It still does it for new INSERTS or only with old content?

Hopefully only old then, removing the “” could be done.

Otherwise I’m suspecting it’s an Eclipse setting that’s in play.

The condition under which this happens:

  1. update/insert text from a previously blank textarea or when all the textarea text is deleted and re-entered. (PHP sees the supplied text prior to UPDATE/INSERT as ASCII).
  2. Get the text from the database and display it in the textarea (PHP sees the retrieved text as UTF8).
  3. Leave the text in the textarea unchanged or alter it in some way, update it in the database, and then the extra characters appear. (PHP sees the supplied text prior to UPDATE as UTF8).

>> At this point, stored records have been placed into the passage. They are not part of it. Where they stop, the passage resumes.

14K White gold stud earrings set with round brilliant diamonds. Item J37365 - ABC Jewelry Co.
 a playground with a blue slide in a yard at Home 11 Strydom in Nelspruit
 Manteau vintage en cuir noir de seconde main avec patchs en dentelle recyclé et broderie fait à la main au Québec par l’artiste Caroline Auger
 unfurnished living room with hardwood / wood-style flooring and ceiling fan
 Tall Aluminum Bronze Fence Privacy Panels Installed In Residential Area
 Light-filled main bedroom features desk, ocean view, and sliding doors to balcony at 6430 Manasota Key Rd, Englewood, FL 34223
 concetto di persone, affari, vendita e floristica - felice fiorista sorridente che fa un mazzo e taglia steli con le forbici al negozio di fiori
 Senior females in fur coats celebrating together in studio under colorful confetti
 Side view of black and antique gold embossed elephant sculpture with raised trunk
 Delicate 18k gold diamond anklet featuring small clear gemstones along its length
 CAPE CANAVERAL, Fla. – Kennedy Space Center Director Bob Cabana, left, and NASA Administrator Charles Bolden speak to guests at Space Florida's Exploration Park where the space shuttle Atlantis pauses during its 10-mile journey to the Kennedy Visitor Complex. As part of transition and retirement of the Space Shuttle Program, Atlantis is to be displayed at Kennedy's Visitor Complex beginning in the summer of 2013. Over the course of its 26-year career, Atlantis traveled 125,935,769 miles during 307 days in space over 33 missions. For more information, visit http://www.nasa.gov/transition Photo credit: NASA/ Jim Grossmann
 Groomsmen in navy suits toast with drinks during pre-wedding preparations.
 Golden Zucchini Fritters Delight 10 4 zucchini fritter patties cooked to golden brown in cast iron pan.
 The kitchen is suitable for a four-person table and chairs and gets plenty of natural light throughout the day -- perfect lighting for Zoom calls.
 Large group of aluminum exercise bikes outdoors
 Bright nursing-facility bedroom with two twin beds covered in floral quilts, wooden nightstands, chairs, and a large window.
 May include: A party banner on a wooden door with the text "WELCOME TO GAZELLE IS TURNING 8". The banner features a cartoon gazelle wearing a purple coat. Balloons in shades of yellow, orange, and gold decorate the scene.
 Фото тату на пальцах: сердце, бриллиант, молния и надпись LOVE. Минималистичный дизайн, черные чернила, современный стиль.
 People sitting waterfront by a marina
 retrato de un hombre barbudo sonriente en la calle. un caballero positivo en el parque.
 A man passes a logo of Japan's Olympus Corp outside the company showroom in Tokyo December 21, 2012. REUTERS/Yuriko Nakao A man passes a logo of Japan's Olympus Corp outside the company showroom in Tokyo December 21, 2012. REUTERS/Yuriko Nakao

What version of PHP is in use?

I’ve tried it on 5.3.27 and 5.4.7.

In the site’s header, what is the value for the meta:

<meta http-equiv="Content-Type" content="text/html; charset=ISO-8859-1" />

I read somewhere that it was essential to have <meta http-equiv=“Content-Type” content=“text/html; charset=utf-8”[COLOR=#000080]> [/COLOR]immediately after declaring <head> to ensure that the contents uses the declared charset.

I was wondering if immediately after your UPDATE statement, a PHP script is called to extract the text from the database before the html header statement is called.

Have you tried setting the PHP header(…).



[COLOR=#000000][FONT=Consolas]<?php header('content-type: text/html; charset: utf-8'); ?>


[/FONT][/COLOR]

Can you please post the output of a SHOW CREATE TABLE for the table(s) concerned?

What versions of MySQL are both servers using?

No. I would’ve thought the meta tag would be enough. I’ve never needed to set a PHP header for content-type before.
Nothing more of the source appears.